Measurement of cytokine levels on day 10 in supernatants of MLHC was performed to further characterize the immune reaction of PBMC on PHH with and without HLA class I silencing (Figure 5). Cytokine levels were highest in the non-transduced (NC) or control shRNA (shNS) groups. HLA class I silencing significantly suppressed pro-inflammatory cytokines such as IL-6 (P = 0.0244), Interferon-gamma (IFN-γ) (P = 0.0318) and Granulocyte-macrophage colony-stimulating factor (GM-CSF) (P = 0.0075) compared to MLHC with non-HLA class I silenced PHH (NC). T-helper (Th) 2-associated cytokine IL-10 was also suppressed; however, the observed differences did not reach statistical significance.

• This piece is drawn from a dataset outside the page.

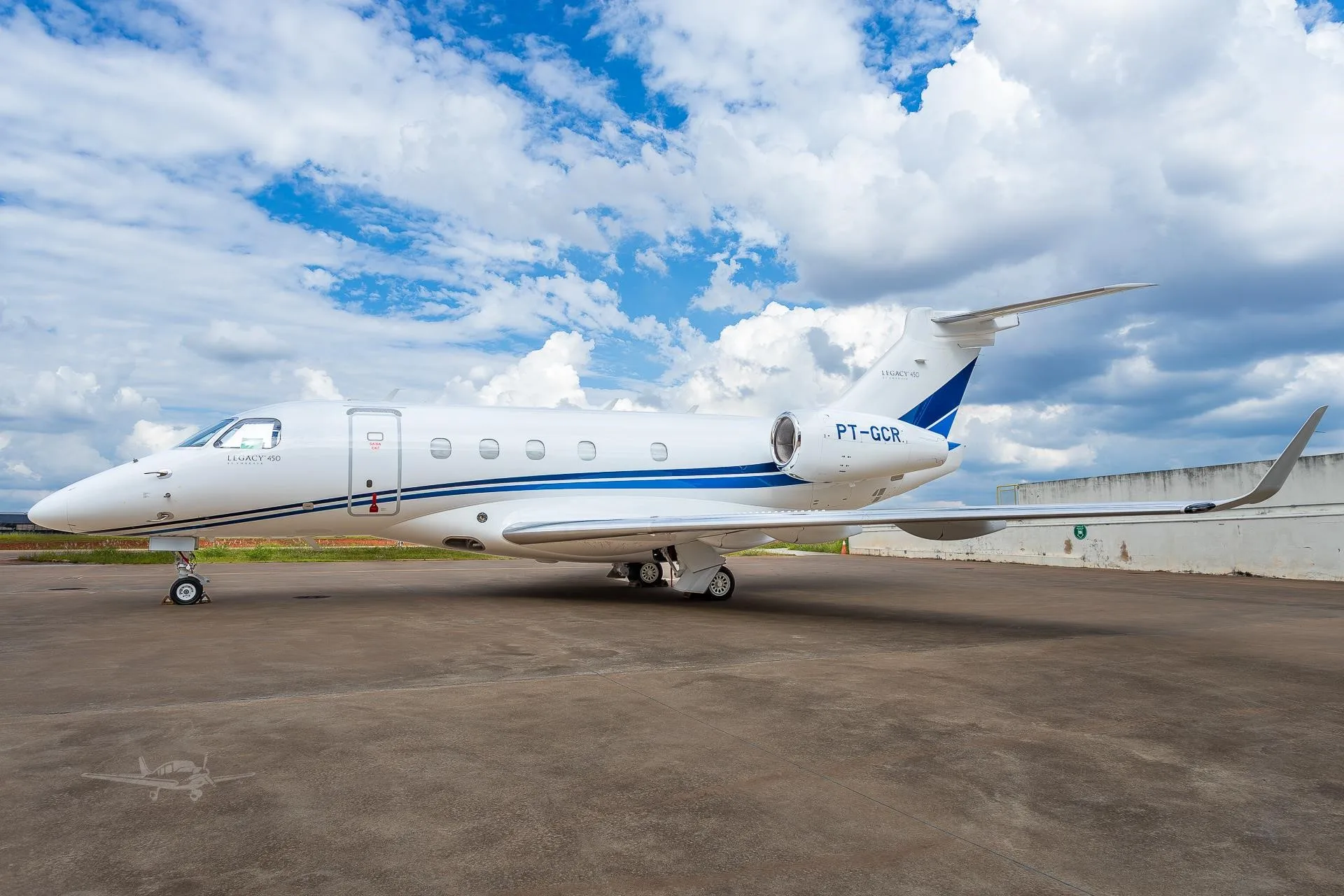Exterior view of a 2018 EMBRAER LEGACY 450, PT-GCR.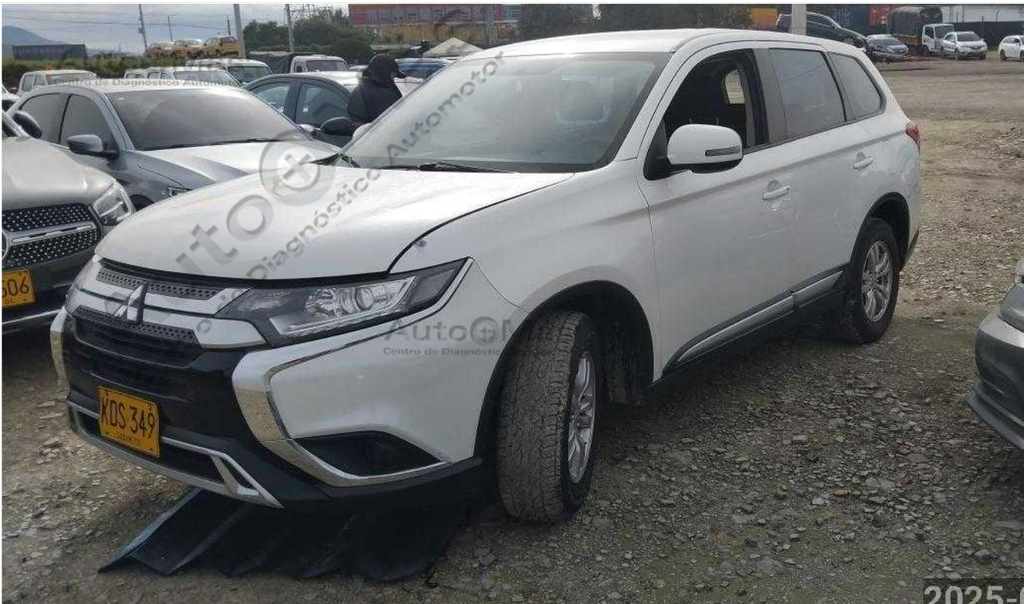 MITSUBISHI OUTLANDER KAITEKI 2.4 AUT 4*4 7 PTOS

3.5 NK cells are already suppressed by wild-type PHH after 48 hours of culture

Silencing of HLA class I bears the potential of inducing an NK-cell-driven immune response.9 Since NK cells in our experimental setting were only observed at very low numbers on day 10 of MLHC, we further analysed the direct influence of PHH on NK cells in the early phase of co-culture. Specifically, the effect of PHH on the surface expression of NK receptors like CD16, CD6 and DNAM-1 was investigated in the presence or absence of cytokine stimulation. Under non-stimulated conditions, CD16 and CD6 expression on CD56^dim and CD56^bright NK cells was unaltered in the presence of PHH (Figure 6) compared to NK cells alone. In contrast, DNAM-1 expression on CD56^dim NK cells was reduced substantially (without PHH 35.6%, with PHH 7.9%). This effect was also seen for stimulation with IL-2 or IFN-α. In contrast, the presence of IL-12/IL-15 protected NK cells from DNAM-1 down-regulation and instead, resulted in enhanced DNAM-1 levels on CD56^dim and CD56^bright NK cells (Figure 7). These results indicate that contact to PHH affects NK cell receptor expression at an early point of co-culture, which as early as and, may ultimately result in the low number of NK cells present after 10 days of co-culturing PBMC and PHH. Addition of exogenous pro-inflammatory cytokines, that is IL-12 and IL-15 can prevent receptor modulation and eventually support NK cell survival. For all culture conditions, the % of excluded dead cells was below 10%. Mild, less than twofold, expansion of NK cells was observed in the presence of IL-2, IFN-a and IL-12/15 without statistically significant differences.